= Problem requirements =
Copy all lines below exactly as written. Leave pictures out.

Crawled caption data:
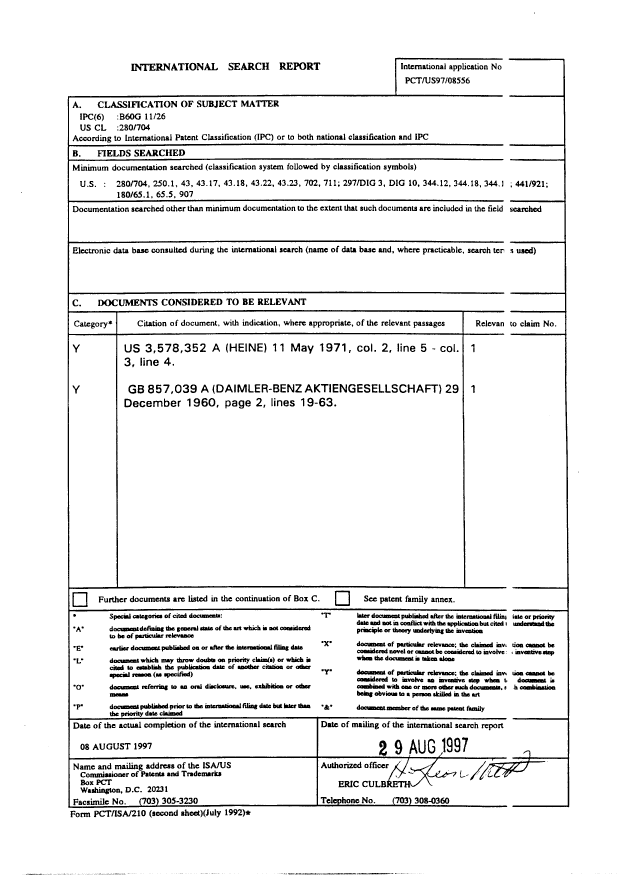 Document de brevet canadien 2256452. PCT 19981120. Image 21 de 21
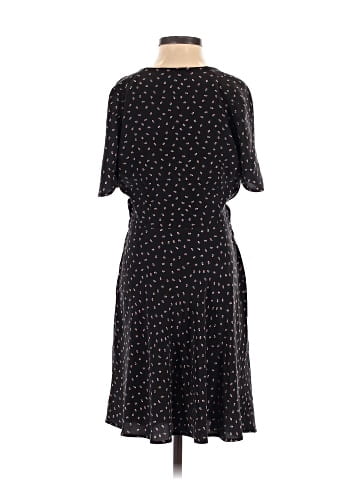 Joe's Jeans Casual Dress (view 2)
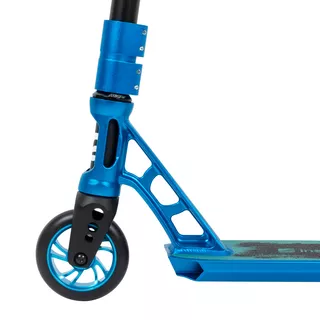 inSPORTline Osprey Freestyle Roller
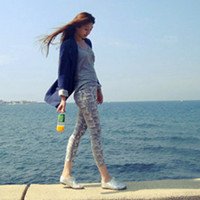 պΨŮͷ(31)_WWW.AIGEXING.COM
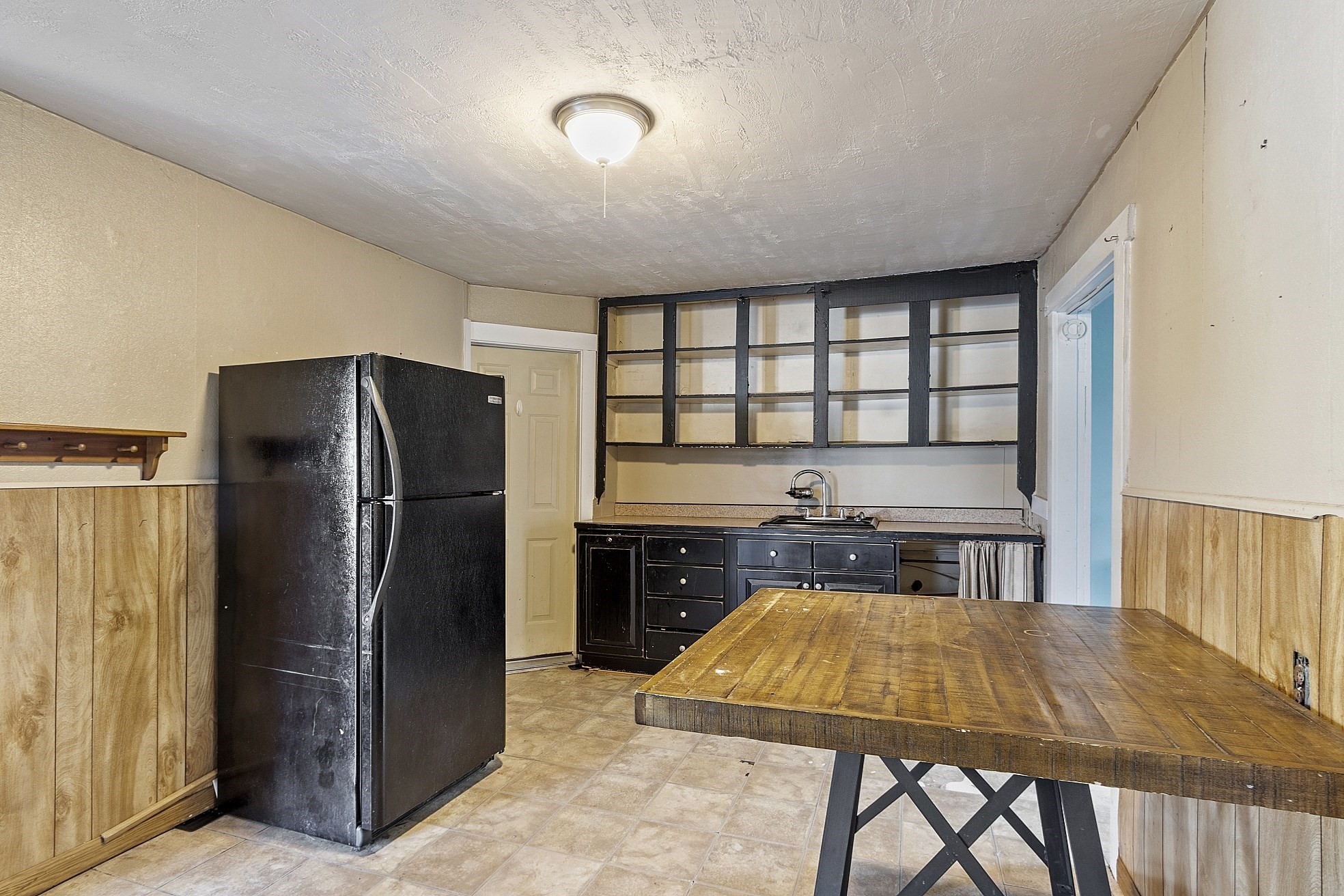 284 Mechanic St, Leominster, MA 01453 - Image 36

= Task response =
 Document de brevet canadien 2256452. PCT 19981120. Image 21 de 21
 Joe's Jeans Casual Dress (view 2)
 inSPORTline Osprey Freestyle Roller
 պΨŮͷ(31)_WWW.AIGEXING.COM
 284 Mechanic St, Leominster, MA 01453 - Image 36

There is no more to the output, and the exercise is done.